**Task description**
Transcribe each line of the material as it is, and drop any picture.

**Records supplied**
=== Begin Enclosure ===

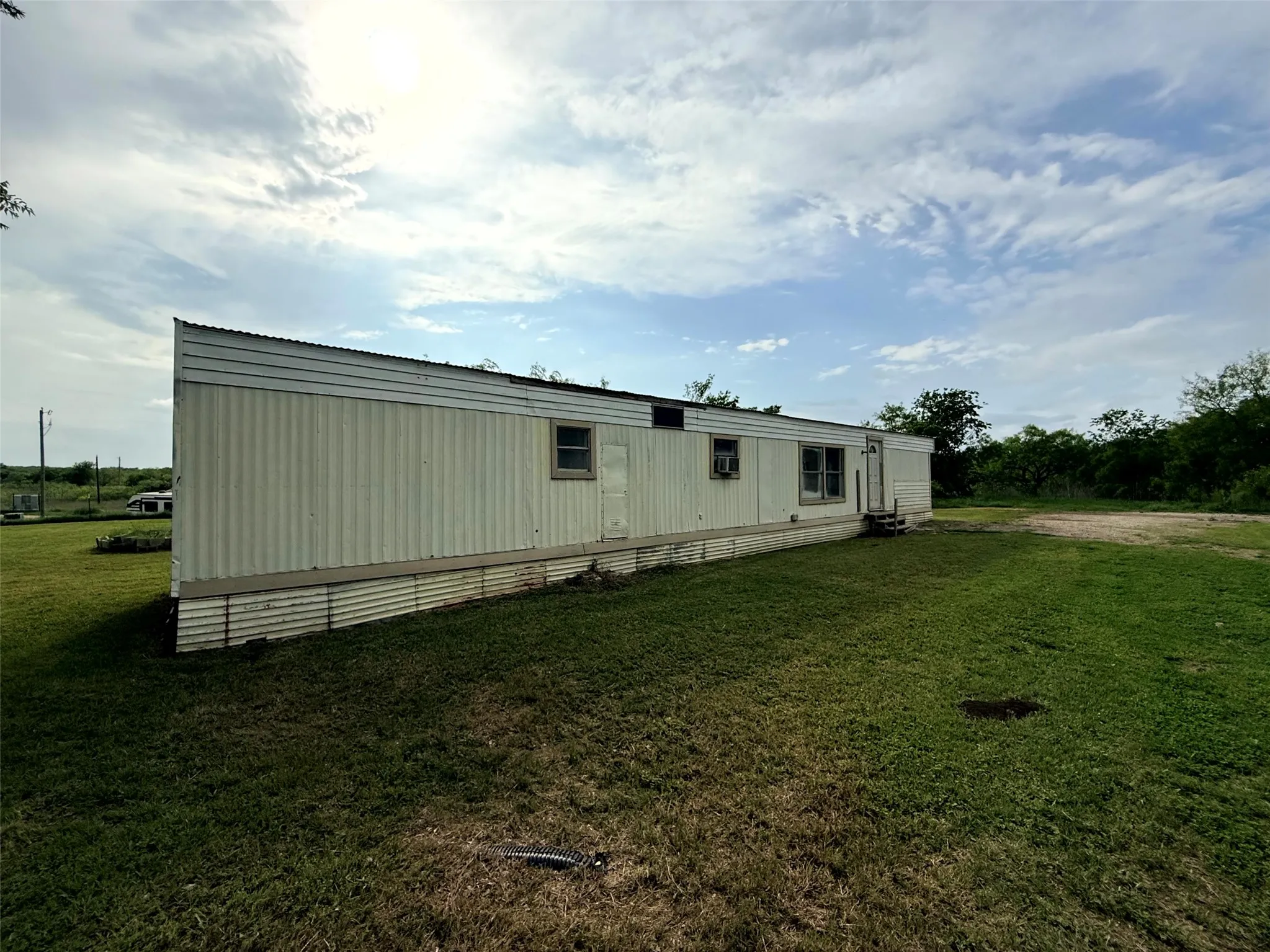 Mobile Home For Sale in Ellis County , 4361 Miller Road, Midlothian, Texas 76065, 2 Bedroom, 2 Bathroom, Garage spaces, 840 Sqft, built in 1984, Price $110,000, mls#21350303, Real Estate Agent in Midlothian, Homes For Sale in Ellis county, Homes For Sale in Midlothian, Realtor in Midlothian Texas, Real Estate Brokerage Independent Realty Texas, Luminita Cordes Realtor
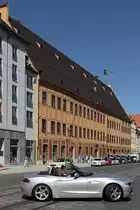 BMW Z4 vor dem Stadthaus der Fugger in Augsburg, 28.4.12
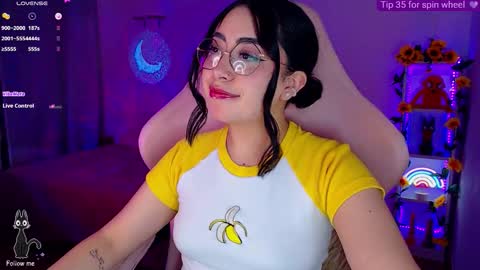 Snapshot of iamveroo chatting on February 2026 05:19:02 AM Veronica NDEPENT MODEL online show from February 2026 05:19:02 AM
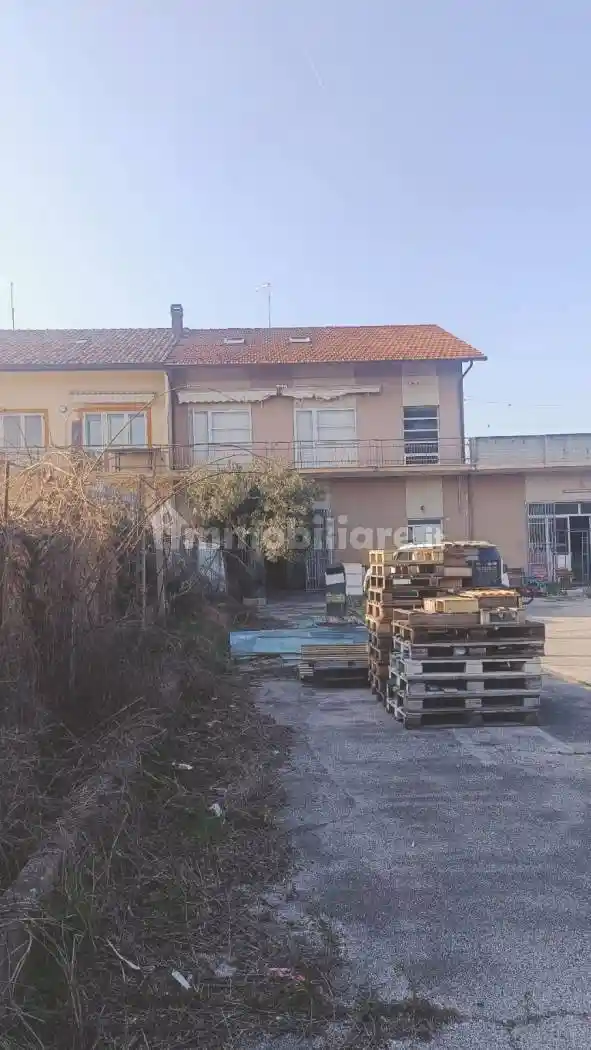 Palazzo - Edificio in vendita a Morciano di Romagna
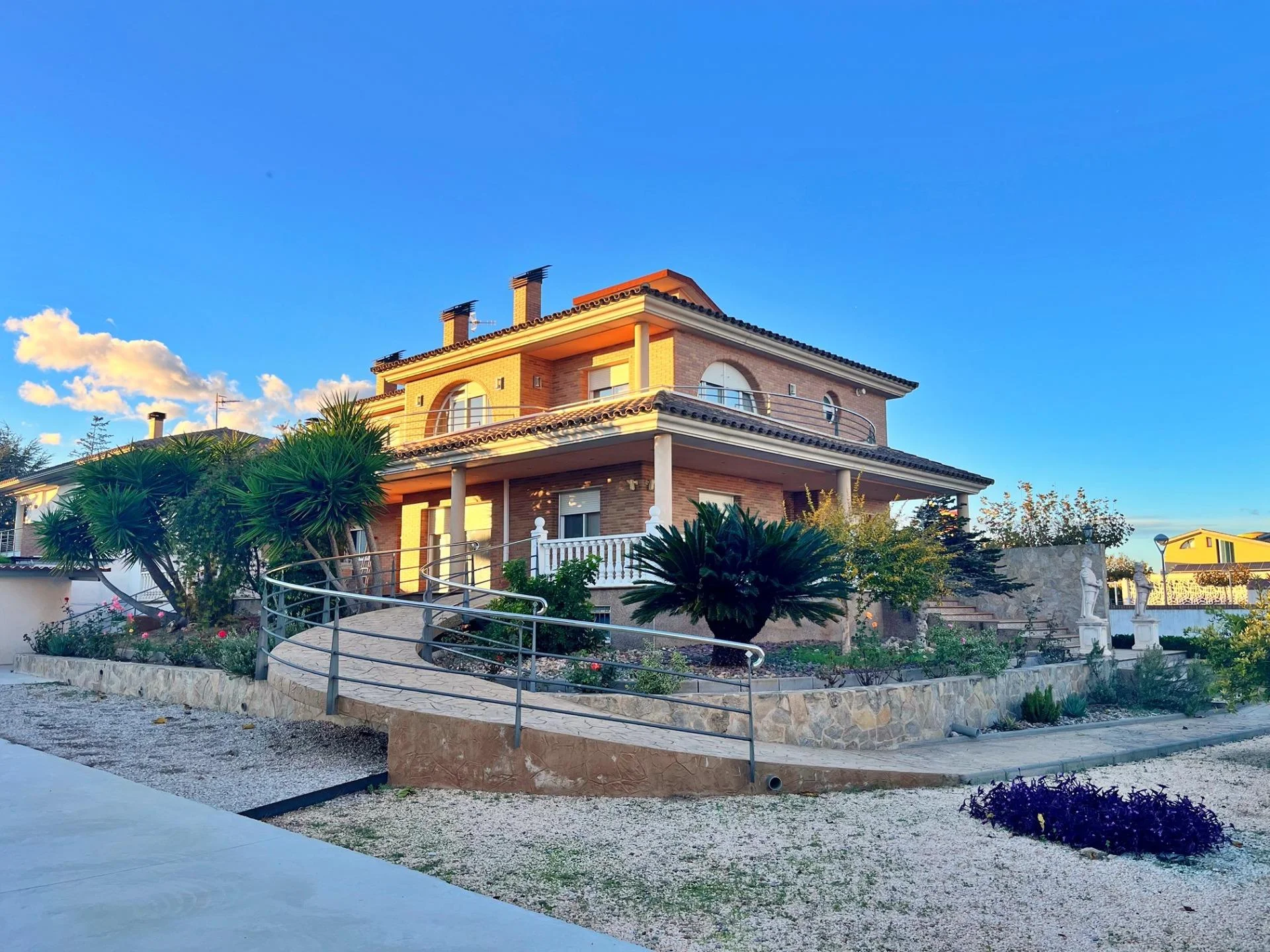 Amplio chalet en Santa Bàrbara, seis dormitorios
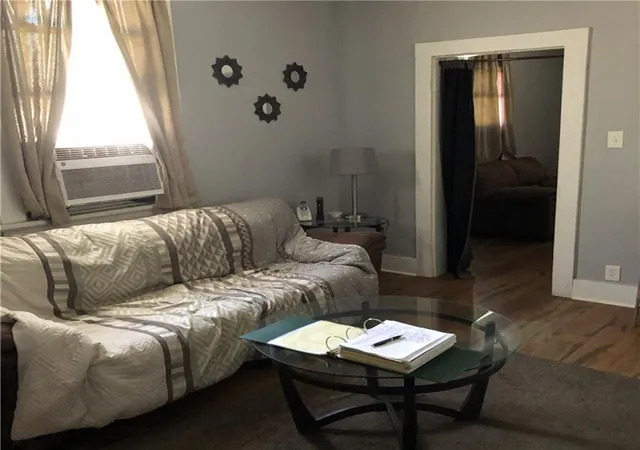 Listing Photo 4 - Condo for sale in building located at 525-527 Monroe St, Gretna, LA 70053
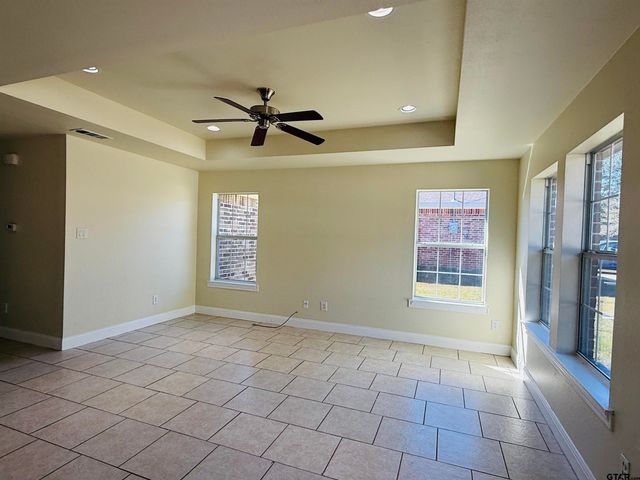 203 Reynolds St, Pittsburg, TX 75686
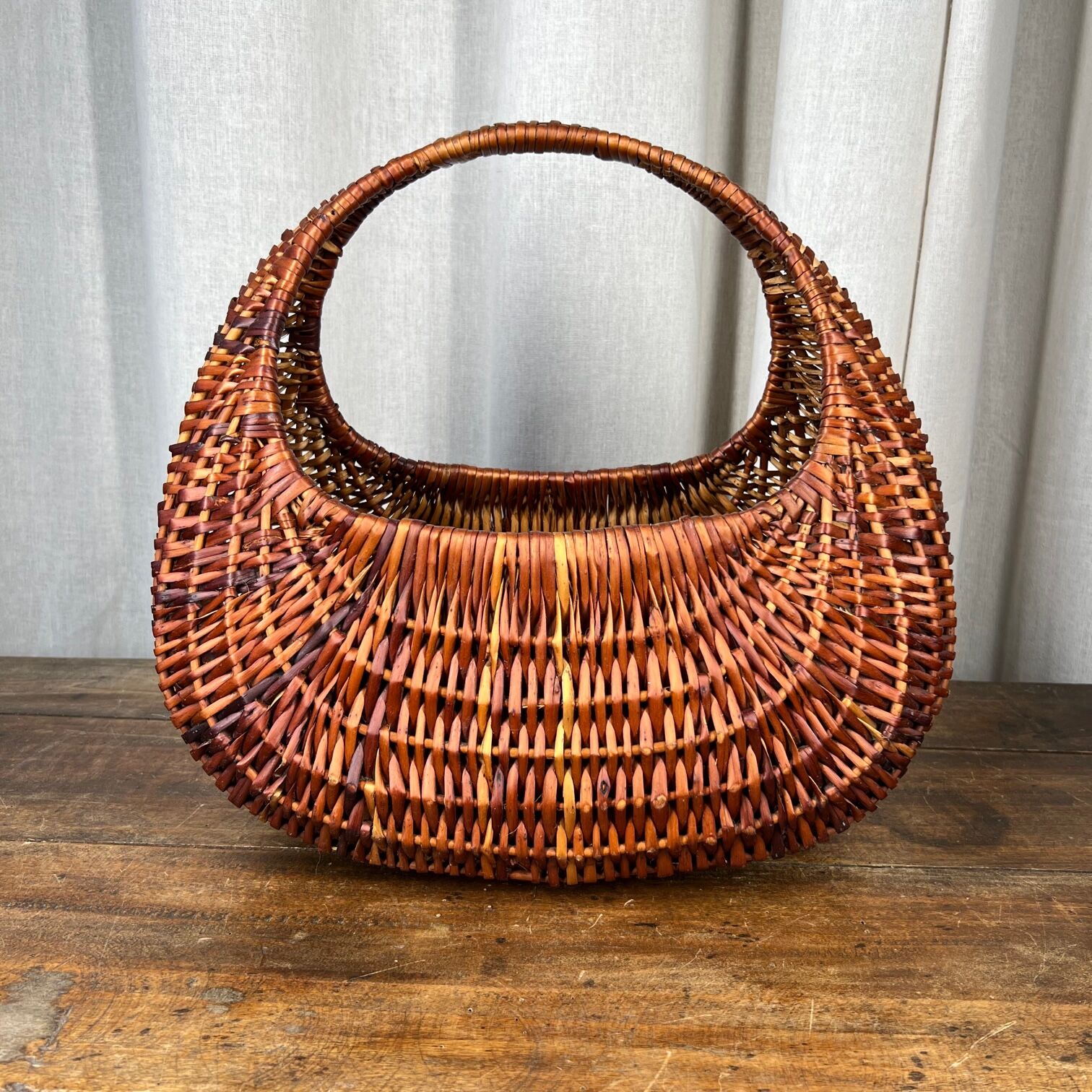 Old wicker basket "gondola" with handle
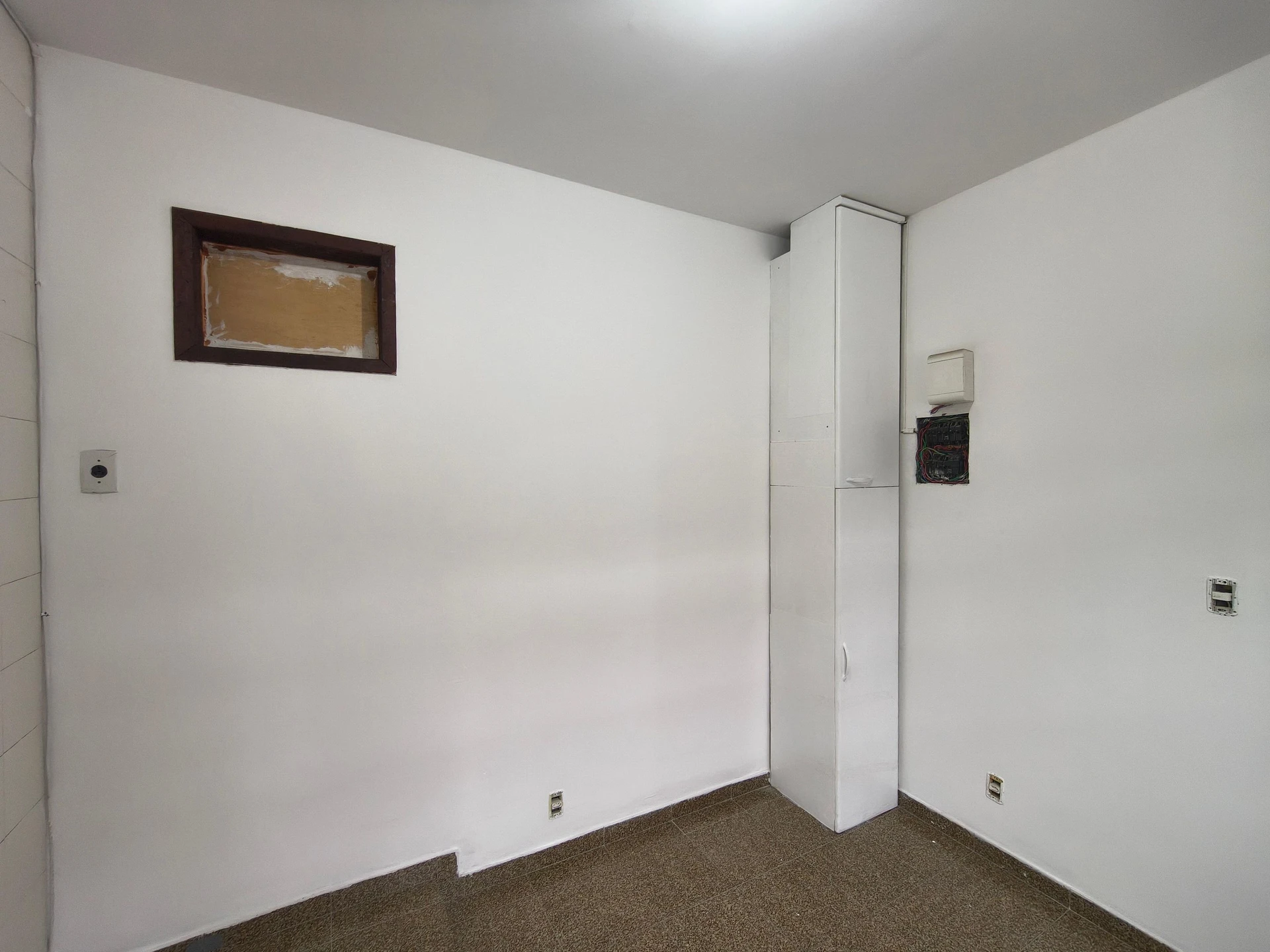 House with 3 bedrooms and an enclosed balcony — photo 3
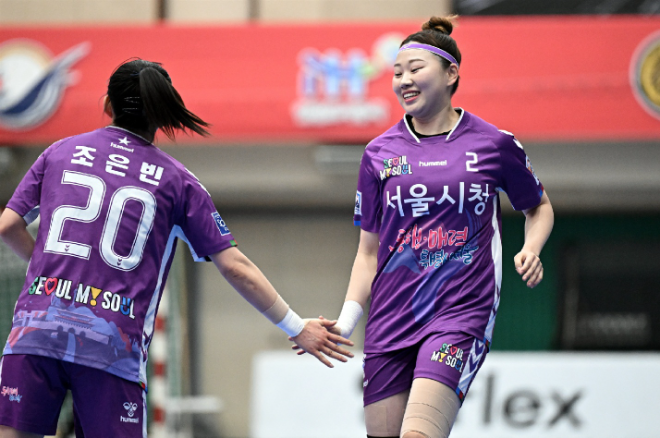 서울시청 송지영이 조은빈과 손벽을 치고 있다. / 사진제공=한국핸드볼연맹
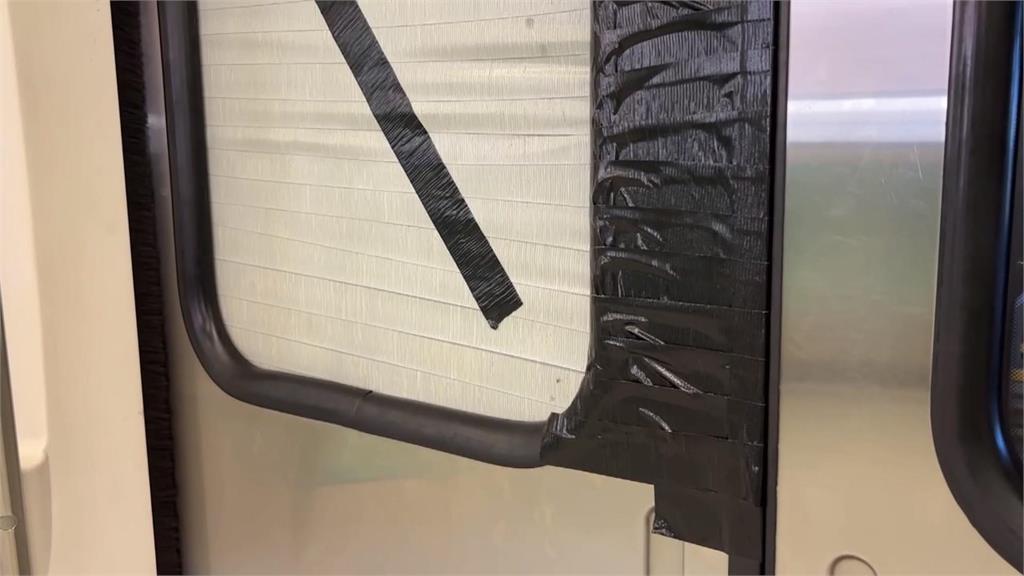 嚇人！高捷行駛中車門玻璃掉落　緊急清車250名旅客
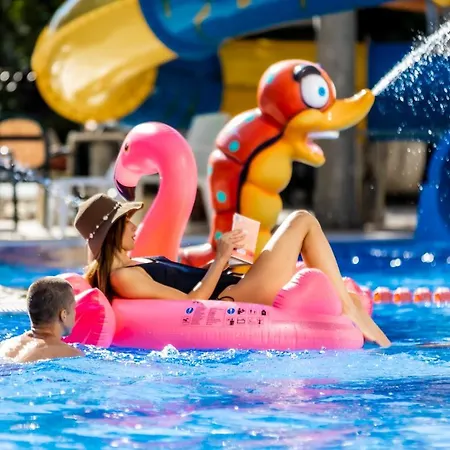 Prestige And Aquapark Hotel 4*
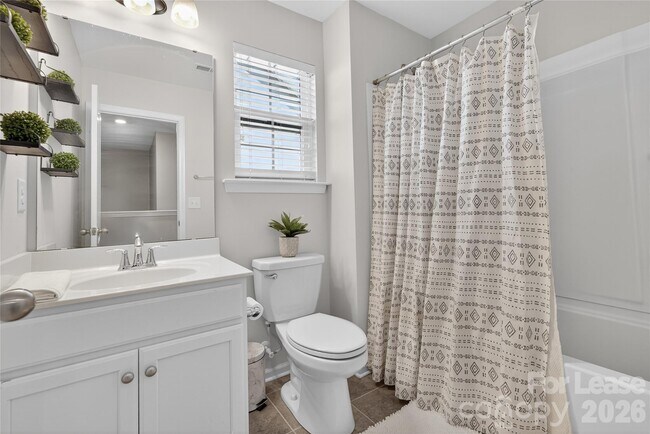 Building Photo - 7019 Hamilton Mill Dr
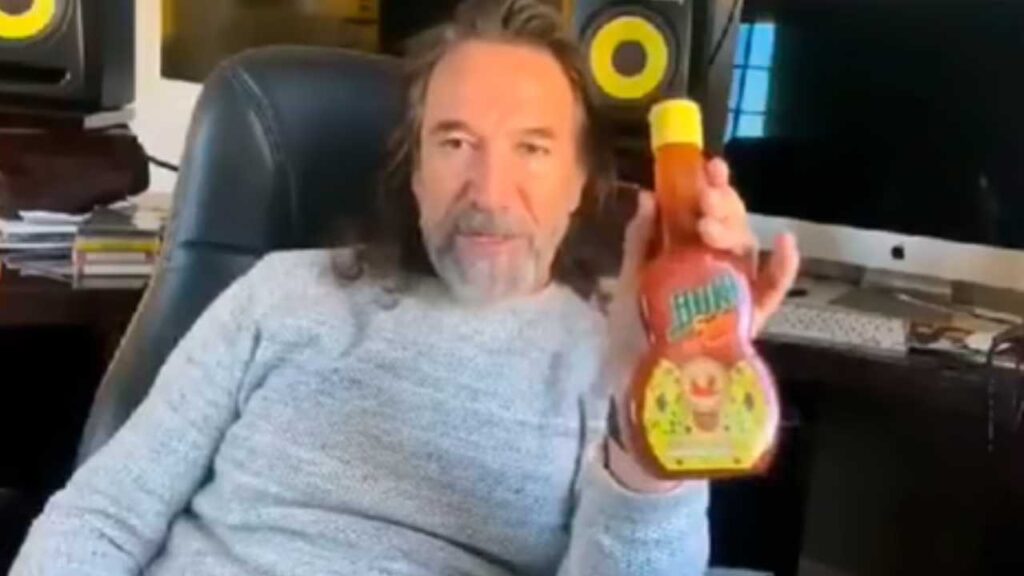 Marco Antonio Sol&iacute;s incursiona en el mundo culinario con su salsa picante: &iexcl;La Buki Salsa!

=== End Enclosure ===

**Task solution**
 Mobile Home For Sale in Ellis County , 4361 Miller Road, Midlothian, Texas 76065, 2 Bedroom, 2 Bathroom, Garage spaces, 840 Sqft, built in 1984, Price $110,000, mls#21350303, Real Estate Agent in Midlothian, Homes For Sale in Ellis county, Homes For Sale in Midlothian, Realtor in Midlothian Texas, Real Estate Brokerage Independent Realty Texas, Luminita Cordes Realtor
 BMW Z4 vor dem Stadthaus der Fugger in Augsburg, 28.4.12
 Snapshot of iamveroo chatting on February 2026 05:19:02 AM Veronica NDEPENT MODEL online show from February 2026 05:19:02 AM
 Palazzo - Edificio in vendita a Morciano di Romagna
 Amplio chalet en Santa Bàrbara, seis dormitorios
 Listing Photo 4 - Condo for sale in building located at 525-527 Monroe St, Gretna, LA 70053
 203 Reynolds St, Pittsburg, TX 75686
 Old wicker basket "gondola" with handle
 House with 3 bedrooms and an enclosed balcony — photo 3
 서울시청 송지영이 조은빈과 손벽을 치고 있다. / 사진제공=한국핸드볼연맹
 嚇人！高捷行駛中車門玻璃掉落　緊急清車250名旅客
 Prestige And Aquapark Hotel 4*
 Building Photo - 7019 Hamilton Mill Dr
 Marco Antonio Sol&iacute;s incursiona en el mundo culinario con su salsa picante: &iexcl;La Buki Salsa!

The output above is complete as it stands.